The F-statistic and its p-value also appear at the bottom of summary(Model1.lm) output — both routes give the same result.
12.7 \(R^2\) and \(r\)
12.7.0.1 \(R^2\) — coefficient of determination
\(R^2\) tells you the proportion of variance in \(y\) explained by the model. It ranges from 0 (model explains nothing) to 1 (model explains everything).
summary(Model1.lm)$r.squared## [1] 0.0001118517
For example, \(R^2 = 0.08\) would mean that lot size explains 8% of the variation in house price.
The adjusted \(R^2\) penalises for adding extra predictors and is more appropriate when comparing models:
summary(Model1.lm)$adj.r.squared## [1] -0.0194938
Both values appear in the summary() output under Multiple R-squared and Adjusted R-squared.
12.7.0.2 \(r\) — Pearson’s correlation coefficient
For simple linear regression (one predictor), \(r\) is simply the square root of \(R^2\), with the sign taken from the slope:
## Lot
## -0.01057599
\(r\) ranges from -1 to 1. It measures the strength and direction of the linear relationship between \(x\) and \(y\).
You can also calculate \(r\) directly using cor():
cor(HousesNY$Price, HousesNY$Lot)## [1] -0.01057599
Both should give the same value. Note that \(r\) and \(R^2\) are related by \(R^2 = r^2\) — so if \(r = -0.29\), then \(R^2 = 0.084\).
12.8 Plotting the regression line
12.8.0.1 Quick plot — base R
For a fast check during analysis, base R is the quickest option:
plot(Price ~ Lot, data = HousesNY,
xlab = "Lot size", ylab = "Price (x$1000)",
pch = 16, col = "grey50")
abline(Model1.lm, col = "steelblue", lwd = 2)
12.8.0.2 Publication plot — ggplot
For a report or presentation, use ggplot2:
ggplot(HousesNY, aes(x = Lot, y = Price)) +
geom_point(colour = "grey50", alpha = 0.7) +
geom_smooth(method = "lm", colour = "steelblue", se = TRUE) +
labs(x = "Lot size",
y = "Price (x$1000)",
title = "House price vs lot size",
subtitle = "Shaded band = 95% confidence interval on the mean") +
theme_bw()
se = TRUE adds a shaded confidence band around the line. Set se = FALSE to remove it.
Note:
geom_smooth(method = "lm")fits its own line internally — it is not using your savedModel1.lmobject. For simple regression this makes no difference, but if your model includes transformations or additional terms, usegeom_abline()with the coefficients from your model instead.
12.9 Checking LINE assumptions
From lectures, linear regression relies on four assumptions — summarised as LINE:
- Linearity — the relationship between \(x\) and \(y\) is linear
- Independence — the errors are independent of each other
- Normality — the errors are normally distributed
- Equal variance (homoscedasticity) — the errors have constant variance
Independence is usually assessed from study design rather than plots. The other three can be checked using residual plots.
12.9.1 Checking Linearity
What to look for: a random cloud of points in the residuals vs fitted plot. A curve or systematic pattern means a straight line is not the right model.
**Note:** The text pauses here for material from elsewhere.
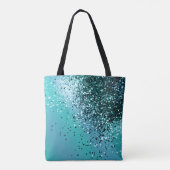 Tote Bag Parties scintillant Aqua Blue OCEAN #1 #shiny (Dos)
ols_plot_resid_fit(Model1.lm)
Expand to see an example where linearity is broken
This example uses treadwear data where the raw scatterplot looks approximately linear — but the residuals reveal a clear curve:
treadwear <- read.csv("/Users/hgreatrex/Documents/GitHub/Teaching/STAT-462/Stat462-2026/index_data/treadwear.csv")
tread_model <- lm(mileage ~ groove, data = treadwear)
ols_plot_resid_fit(tread_model)
Figure 12.1: The residuals show a clear parabolic pattern — a linear model is not appropriate here
The residuals are systematically positive at low and high fitted values, and negative in the middle. A non-linear model would be more appropriate.
12.9.2 Checking Equal Variance (Homoscedasticity)
What to look for: the spread of residuals should stay roughly constant across all fitted values. A fan shape or bow-tie means variance is unequal.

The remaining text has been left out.